- Episode no.: Season 5 Episode 22
- Directed by: Rob Greenberg
- Written by: Jamie Rhonheimer
- Production code: 5ALH21
- Original air date: May 10, 2010

Guest appearances
- Rebecca Klingler as Marla; Darby Stanchfield as Marissa Heller; Michael York as Jefferson Van Smoot; Ed Brigadier as Waiter; Michele Boyd as Jolene; Brea Cola as Hannah; Peter Bogdanovich as himself; Will Shortz as himself; Arianna Huffington as herself;

Episode chronology
| ← Previous "Twin Beds" | Next → "The Wedding Bride" |
- How I Met Your Mother season 5

= Robots Versus Wrestlers =

"Robots Versus Wrestlers " is the 22nd episode of the fifth season of the CBS sitcom How I Met Your Mother and 110th episode overall. It aired on May 10, 2010.

==Plot==

Barney is excited to get the gang to come with him to a grandscale fighting match called "Robots Versus Wrestlers". Barney had bought a fifth ticket for Robin, despite knowing she had wished to spend time away from them, and indeed she ends up declining. Meanwhile, Ted finds himself continuously snubbed by his friends whenever he tries to appear intellectual, such as by reciting a poem, as his friends always make fart noises to interrupt him. At Ted's apartment, Barney finds an envelope addressed to Marissa Heller, who Ted explains was the apartment's previous occupant. Ted has been receiving her mail ever since they had moved in 10 years ago, and over the years, he and Marshall had become curious about her personality. Ted opens the envelope, which is an invitation to a high-society party in the Alberta Building, a famous building that Ted describes as the most beautiful in Manhattan. Unfortunately, the party is the same night as "Robots Versus Wrestlers", so Ted convinces the gang they will make a brief appearance at the party before heading over to Robots, having Lily pretend to be Marissa so that they can gain entry to the party.
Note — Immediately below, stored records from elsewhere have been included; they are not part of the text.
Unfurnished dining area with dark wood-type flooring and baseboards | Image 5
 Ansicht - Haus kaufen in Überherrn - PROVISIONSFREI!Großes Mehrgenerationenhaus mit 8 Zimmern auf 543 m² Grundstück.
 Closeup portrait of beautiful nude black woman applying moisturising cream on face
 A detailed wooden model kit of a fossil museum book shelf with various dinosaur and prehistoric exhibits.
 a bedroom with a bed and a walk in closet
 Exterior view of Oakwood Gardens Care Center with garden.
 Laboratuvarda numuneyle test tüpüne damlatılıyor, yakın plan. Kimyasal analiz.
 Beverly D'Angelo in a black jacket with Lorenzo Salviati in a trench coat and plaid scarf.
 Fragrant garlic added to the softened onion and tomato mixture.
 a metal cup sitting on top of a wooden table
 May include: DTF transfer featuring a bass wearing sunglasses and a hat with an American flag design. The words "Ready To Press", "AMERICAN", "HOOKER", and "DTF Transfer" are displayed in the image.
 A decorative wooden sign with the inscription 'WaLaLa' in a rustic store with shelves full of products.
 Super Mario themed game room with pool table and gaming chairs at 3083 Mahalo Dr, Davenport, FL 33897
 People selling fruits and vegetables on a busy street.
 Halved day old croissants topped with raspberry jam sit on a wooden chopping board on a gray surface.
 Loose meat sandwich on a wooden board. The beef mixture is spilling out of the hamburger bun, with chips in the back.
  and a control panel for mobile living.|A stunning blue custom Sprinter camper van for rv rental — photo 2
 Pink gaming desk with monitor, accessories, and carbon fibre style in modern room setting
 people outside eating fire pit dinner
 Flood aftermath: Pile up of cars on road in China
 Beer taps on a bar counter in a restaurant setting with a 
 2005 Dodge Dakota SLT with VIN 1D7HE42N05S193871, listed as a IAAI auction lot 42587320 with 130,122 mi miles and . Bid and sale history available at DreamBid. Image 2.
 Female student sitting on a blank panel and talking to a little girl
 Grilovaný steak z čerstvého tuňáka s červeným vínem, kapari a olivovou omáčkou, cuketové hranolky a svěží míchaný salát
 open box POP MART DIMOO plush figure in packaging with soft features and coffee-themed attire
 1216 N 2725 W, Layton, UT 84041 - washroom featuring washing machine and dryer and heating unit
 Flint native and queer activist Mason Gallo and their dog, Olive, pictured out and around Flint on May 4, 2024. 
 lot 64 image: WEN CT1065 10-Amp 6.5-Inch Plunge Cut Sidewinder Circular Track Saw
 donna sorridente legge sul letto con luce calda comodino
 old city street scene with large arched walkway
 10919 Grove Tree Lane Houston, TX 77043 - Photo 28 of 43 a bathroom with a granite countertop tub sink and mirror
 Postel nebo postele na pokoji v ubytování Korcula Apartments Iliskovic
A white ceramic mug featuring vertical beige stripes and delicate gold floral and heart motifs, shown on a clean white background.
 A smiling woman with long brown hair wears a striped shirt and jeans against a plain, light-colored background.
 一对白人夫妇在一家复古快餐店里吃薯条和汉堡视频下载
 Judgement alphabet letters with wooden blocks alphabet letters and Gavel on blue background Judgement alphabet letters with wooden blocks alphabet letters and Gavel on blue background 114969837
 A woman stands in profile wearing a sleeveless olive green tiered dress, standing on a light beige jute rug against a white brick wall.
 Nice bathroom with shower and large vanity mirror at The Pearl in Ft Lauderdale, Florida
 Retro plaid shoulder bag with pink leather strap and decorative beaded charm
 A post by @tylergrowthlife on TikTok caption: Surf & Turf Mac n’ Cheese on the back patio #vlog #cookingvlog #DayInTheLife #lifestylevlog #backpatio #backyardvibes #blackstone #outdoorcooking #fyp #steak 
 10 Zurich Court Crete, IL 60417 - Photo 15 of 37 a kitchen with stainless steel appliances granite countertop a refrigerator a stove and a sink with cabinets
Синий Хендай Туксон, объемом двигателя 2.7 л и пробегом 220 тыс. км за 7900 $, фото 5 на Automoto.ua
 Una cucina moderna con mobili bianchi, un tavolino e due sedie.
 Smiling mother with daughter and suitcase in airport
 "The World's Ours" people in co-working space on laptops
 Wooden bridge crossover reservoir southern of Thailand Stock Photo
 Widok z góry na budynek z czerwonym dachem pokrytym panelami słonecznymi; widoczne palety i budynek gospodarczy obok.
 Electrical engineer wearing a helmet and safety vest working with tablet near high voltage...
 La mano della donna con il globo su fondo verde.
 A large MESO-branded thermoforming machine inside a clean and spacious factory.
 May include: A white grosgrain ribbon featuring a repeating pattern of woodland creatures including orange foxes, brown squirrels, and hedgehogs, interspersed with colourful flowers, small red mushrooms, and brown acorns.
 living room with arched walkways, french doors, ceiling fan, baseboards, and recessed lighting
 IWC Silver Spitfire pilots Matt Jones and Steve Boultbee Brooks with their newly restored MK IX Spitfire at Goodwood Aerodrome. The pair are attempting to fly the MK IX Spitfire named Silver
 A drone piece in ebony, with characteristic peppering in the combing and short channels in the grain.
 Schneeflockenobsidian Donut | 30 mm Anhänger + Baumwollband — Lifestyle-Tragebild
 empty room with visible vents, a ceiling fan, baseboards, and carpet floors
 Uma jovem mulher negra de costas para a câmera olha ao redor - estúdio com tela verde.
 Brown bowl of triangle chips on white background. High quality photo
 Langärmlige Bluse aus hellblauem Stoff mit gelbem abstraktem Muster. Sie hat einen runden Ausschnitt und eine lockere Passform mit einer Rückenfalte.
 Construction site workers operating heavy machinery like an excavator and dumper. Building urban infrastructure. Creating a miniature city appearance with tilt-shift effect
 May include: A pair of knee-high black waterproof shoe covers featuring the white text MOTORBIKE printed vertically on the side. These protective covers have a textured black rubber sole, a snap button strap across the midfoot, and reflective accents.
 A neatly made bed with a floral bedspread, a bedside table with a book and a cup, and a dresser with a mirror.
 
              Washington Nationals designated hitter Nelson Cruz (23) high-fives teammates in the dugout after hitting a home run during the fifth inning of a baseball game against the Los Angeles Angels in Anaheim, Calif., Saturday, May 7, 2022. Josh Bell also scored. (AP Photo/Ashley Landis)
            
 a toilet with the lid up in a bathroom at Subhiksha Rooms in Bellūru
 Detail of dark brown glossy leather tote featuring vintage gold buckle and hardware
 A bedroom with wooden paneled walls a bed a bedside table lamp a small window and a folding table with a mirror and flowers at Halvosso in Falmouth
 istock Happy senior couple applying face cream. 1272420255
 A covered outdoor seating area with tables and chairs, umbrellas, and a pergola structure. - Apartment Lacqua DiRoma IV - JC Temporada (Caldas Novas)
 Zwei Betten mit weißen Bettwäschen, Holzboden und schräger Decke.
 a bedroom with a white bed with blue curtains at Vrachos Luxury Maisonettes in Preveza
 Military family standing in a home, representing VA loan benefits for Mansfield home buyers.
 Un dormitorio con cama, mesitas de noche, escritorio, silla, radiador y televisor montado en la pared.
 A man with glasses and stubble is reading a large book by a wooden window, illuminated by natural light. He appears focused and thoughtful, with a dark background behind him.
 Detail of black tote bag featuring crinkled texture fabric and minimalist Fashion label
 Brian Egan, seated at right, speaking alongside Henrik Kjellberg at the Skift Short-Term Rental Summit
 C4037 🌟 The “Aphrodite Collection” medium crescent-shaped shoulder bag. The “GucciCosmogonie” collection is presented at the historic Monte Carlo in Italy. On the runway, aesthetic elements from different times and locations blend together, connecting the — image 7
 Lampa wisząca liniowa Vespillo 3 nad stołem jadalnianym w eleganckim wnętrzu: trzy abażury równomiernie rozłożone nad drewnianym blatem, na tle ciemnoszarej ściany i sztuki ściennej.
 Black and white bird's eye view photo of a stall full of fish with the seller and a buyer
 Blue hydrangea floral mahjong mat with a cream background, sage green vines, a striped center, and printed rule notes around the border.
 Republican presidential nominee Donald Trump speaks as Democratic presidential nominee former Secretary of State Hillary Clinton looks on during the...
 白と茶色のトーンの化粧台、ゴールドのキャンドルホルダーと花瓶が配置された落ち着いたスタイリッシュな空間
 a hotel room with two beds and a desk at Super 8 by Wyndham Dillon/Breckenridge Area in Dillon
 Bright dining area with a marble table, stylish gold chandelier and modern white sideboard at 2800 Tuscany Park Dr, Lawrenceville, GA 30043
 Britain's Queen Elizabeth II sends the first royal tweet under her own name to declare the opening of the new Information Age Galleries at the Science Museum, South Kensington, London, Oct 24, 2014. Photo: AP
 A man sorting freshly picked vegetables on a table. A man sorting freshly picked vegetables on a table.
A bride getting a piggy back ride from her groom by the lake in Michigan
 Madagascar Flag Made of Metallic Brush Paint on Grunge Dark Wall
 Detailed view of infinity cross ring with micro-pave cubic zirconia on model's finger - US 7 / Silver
As Lily is about to introduce herself as Marissa to the doorman, the real Marissa arrives, foiling their plan. Ted manages to impress Marissa with his intellectual knowledge, and Marissa agrees to take the group with her up to the party. Ted has a great time at the party, becoming a big hit, while Marshall, Lily, and Barney find it boring and want to leave. Ted decides to stay, leaving Barney hurt, as he, Marshall and Lily head to the Robots event.

At "Robots Versus Wrestlers", Barney is bothered by the fact that their group appears to be growing apart: Robin moving in with Don, Ted leaving them for the party, and Marshall and Lily possibly having a baby soon. Lily assures Barney that, though they might drift apart, they will still remain friends. Meanwhile, Ted continues to have a good time at the party and begins reciting a poem to everyone there, in the original Italian. As he does so, Ted is amazed no one interrupts him and realizes maybe he has gone too far, and wishes someone would stop him. At that moment, Marshall and the others discover Ted's doppelgänger, a Mexican wrestler at the event. Barney sends Ted a picture, who upon seeing it immediately leaves the party.

At MacLaren's, Marshall asks Lily to seriously consider the possibility of having a baby. Lily points out they will not be able to do as many fun things as before, such as finding Ted's doppelgänger. They agree not to start trying for a baby until after they find the fifth doppelgänger of the group, Barney's. Ted arrives later, where Barney apologizes to him and allows to him to recite another poem. As Ted begins to do so, Robin arrives and interrupts him with a fart noise. As the gang shows her Ted's doppelgänger, Future Ted explains that, although the group grew apart one time or another, they always made sure to get together every year for "Robots Versus Wrestlers".

==Critical response==

Donna Bowman of The A.V. Club rated the episode grade A.

Amanda Sloane Murray of IGN gave the episode 7.2 out of 10. "With its rare departure from the show's signature blend of flashbacks and cutaways, this episode often felt like it was ganked from a completely different, less funny show."

Cindy McLennan of Television Without Pity gave the episode a C+ rating.